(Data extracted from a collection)
#####
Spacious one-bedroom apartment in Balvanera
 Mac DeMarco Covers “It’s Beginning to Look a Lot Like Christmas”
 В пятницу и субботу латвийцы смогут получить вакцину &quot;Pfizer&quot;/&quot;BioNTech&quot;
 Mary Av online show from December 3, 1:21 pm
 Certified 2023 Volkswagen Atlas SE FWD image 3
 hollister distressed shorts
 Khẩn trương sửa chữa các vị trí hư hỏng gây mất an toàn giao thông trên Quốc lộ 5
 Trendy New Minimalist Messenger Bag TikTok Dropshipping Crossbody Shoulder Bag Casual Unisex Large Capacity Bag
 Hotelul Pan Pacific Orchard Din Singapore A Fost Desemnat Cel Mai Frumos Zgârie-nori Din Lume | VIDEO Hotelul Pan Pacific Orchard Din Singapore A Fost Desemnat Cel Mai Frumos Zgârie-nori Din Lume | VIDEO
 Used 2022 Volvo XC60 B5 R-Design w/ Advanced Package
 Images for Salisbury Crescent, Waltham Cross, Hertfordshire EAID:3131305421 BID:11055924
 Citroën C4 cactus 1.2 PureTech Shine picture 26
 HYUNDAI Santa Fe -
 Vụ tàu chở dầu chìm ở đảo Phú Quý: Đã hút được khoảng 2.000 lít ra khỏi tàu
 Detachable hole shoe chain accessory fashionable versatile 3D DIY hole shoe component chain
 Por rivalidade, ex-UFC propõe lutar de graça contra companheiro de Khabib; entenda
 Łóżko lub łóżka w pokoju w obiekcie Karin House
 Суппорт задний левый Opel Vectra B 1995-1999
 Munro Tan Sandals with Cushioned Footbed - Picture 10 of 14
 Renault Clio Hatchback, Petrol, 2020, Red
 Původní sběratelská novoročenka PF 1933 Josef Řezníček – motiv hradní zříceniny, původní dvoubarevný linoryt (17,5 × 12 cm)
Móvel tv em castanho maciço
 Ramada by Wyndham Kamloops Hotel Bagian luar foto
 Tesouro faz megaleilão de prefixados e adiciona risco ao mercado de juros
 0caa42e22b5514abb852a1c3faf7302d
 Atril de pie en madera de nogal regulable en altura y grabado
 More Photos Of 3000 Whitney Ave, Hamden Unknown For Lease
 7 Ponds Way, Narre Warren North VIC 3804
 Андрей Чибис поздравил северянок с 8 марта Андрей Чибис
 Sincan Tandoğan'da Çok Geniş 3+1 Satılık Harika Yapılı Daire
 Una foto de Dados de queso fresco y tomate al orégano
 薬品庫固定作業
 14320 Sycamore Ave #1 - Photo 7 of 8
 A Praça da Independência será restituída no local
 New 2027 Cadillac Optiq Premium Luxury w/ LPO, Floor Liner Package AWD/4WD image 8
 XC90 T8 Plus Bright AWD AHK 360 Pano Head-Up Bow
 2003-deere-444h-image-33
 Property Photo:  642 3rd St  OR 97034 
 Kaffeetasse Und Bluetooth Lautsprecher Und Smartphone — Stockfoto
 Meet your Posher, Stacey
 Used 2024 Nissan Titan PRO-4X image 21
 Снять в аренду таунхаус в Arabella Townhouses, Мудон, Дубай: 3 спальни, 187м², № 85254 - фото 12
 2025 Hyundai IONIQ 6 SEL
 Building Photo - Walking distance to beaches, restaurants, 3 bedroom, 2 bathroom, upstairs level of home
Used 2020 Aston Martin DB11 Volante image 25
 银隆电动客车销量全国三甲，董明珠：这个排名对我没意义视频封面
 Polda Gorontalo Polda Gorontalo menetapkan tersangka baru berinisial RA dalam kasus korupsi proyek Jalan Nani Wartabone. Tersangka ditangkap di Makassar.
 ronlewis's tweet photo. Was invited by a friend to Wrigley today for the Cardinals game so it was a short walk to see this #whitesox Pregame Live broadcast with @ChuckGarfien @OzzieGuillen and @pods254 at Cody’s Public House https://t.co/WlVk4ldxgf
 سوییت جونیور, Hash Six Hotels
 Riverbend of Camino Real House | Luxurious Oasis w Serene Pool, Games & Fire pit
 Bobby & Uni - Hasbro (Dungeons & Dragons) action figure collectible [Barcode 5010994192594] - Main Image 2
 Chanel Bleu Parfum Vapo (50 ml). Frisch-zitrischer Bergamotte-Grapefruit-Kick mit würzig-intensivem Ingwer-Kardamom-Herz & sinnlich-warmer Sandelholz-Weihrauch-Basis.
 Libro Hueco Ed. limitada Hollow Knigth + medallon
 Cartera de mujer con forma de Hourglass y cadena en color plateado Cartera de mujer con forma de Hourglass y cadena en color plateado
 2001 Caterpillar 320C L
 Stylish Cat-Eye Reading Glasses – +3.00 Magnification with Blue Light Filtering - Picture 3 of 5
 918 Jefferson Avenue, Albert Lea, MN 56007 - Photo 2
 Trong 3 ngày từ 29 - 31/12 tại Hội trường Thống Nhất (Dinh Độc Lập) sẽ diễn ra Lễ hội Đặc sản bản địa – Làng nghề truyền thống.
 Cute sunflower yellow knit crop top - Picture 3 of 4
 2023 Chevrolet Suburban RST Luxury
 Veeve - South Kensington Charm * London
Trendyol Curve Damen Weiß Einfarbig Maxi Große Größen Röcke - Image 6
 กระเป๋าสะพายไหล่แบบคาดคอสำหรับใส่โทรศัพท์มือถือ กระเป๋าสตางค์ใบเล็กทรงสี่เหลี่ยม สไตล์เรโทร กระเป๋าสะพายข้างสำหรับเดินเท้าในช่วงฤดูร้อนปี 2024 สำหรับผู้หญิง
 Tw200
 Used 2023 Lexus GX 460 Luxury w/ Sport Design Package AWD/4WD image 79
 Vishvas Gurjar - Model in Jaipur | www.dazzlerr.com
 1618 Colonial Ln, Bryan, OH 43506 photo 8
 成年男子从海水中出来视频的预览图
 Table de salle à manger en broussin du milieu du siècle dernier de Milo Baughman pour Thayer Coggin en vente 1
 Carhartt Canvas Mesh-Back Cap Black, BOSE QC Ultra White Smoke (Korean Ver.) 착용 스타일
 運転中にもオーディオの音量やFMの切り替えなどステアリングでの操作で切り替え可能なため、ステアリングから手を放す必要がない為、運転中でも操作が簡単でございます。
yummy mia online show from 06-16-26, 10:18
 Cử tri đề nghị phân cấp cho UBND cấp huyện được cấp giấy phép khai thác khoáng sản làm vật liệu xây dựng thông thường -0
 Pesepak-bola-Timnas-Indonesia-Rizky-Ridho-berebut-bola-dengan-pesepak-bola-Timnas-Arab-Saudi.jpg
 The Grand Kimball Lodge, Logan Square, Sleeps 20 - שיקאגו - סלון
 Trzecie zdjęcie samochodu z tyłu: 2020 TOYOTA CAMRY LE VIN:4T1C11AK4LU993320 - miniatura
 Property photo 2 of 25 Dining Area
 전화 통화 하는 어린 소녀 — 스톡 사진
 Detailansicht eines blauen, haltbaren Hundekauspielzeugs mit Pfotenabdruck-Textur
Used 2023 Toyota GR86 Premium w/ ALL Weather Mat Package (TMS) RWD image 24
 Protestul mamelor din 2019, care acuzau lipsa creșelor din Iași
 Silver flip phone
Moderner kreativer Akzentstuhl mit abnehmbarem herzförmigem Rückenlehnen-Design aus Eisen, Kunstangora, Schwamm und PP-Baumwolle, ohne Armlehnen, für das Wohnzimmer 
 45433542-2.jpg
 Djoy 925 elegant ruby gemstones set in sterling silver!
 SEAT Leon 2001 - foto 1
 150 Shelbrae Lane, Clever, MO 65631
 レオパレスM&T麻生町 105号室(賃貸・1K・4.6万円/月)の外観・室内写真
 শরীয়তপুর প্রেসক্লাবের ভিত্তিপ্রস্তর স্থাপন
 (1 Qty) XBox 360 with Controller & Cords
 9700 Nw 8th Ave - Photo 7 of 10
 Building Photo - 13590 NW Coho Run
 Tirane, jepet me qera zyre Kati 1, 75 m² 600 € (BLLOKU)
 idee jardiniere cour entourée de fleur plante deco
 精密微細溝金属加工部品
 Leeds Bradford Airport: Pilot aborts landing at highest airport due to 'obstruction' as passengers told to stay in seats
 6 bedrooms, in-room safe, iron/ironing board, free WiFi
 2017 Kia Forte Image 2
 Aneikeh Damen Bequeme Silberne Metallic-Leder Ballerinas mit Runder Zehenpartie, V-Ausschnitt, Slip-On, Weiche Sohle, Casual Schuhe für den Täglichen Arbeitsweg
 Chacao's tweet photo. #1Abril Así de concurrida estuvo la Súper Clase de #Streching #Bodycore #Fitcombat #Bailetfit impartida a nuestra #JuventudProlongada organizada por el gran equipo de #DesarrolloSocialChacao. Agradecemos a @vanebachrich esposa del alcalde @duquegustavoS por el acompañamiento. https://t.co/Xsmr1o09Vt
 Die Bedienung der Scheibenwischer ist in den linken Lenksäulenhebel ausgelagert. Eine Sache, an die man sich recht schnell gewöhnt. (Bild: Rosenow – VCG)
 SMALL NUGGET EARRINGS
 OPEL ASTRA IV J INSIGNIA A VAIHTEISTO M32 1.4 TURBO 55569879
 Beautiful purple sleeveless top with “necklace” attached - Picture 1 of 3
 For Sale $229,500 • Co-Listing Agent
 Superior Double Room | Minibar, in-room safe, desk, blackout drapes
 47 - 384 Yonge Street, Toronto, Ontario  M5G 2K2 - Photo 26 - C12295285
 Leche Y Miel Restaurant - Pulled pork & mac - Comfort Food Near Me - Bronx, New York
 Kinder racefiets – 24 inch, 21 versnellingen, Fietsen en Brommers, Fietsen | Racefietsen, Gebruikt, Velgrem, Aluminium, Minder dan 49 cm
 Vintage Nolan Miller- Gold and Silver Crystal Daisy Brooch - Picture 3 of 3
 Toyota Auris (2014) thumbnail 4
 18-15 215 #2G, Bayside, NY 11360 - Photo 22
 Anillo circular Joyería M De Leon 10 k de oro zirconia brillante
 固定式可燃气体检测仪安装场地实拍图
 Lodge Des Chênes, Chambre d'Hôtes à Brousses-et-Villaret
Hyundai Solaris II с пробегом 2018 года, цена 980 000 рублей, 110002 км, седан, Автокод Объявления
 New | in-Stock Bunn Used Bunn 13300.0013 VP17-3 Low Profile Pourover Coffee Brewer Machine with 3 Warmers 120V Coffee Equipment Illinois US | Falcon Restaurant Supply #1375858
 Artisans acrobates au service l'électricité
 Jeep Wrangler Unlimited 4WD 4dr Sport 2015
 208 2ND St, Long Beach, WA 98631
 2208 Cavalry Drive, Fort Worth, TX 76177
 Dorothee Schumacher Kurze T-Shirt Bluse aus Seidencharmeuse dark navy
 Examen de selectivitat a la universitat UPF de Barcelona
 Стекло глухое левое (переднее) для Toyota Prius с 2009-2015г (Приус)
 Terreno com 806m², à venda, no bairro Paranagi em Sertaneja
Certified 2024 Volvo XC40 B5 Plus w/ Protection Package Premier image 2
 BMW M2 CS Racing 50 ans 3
#####
* [Prompt]: Above are the records; from them, give again exactly the lines from the one containing "SMALL NUGGET EARRINGS" to the one containing "Leche Y Miel", both lines included, and nothing more.

* [Completed exercise]:
 SMALL NUGGET EARRINGS
 OPEL ASTRA IV J INSIGNIA A VAIHTEISTO M32 1.4 TURBO 55569879
 Beautiful purple sleeveless top with “necklace” attached - Picture 1 of 3
 For Sale $229,500 • Co-Listing Agent
 Superior Double Room | Minibar, in-room safe, desk, blackout drapes
 47 - 384 Yonge Street, Toronto, Ontario  M5G 2K2 - Photo 26 - C12295285
 Leche Y Miel Restaurant - Pulled pork & mac - Comfort Food Near Me - Bronx, New York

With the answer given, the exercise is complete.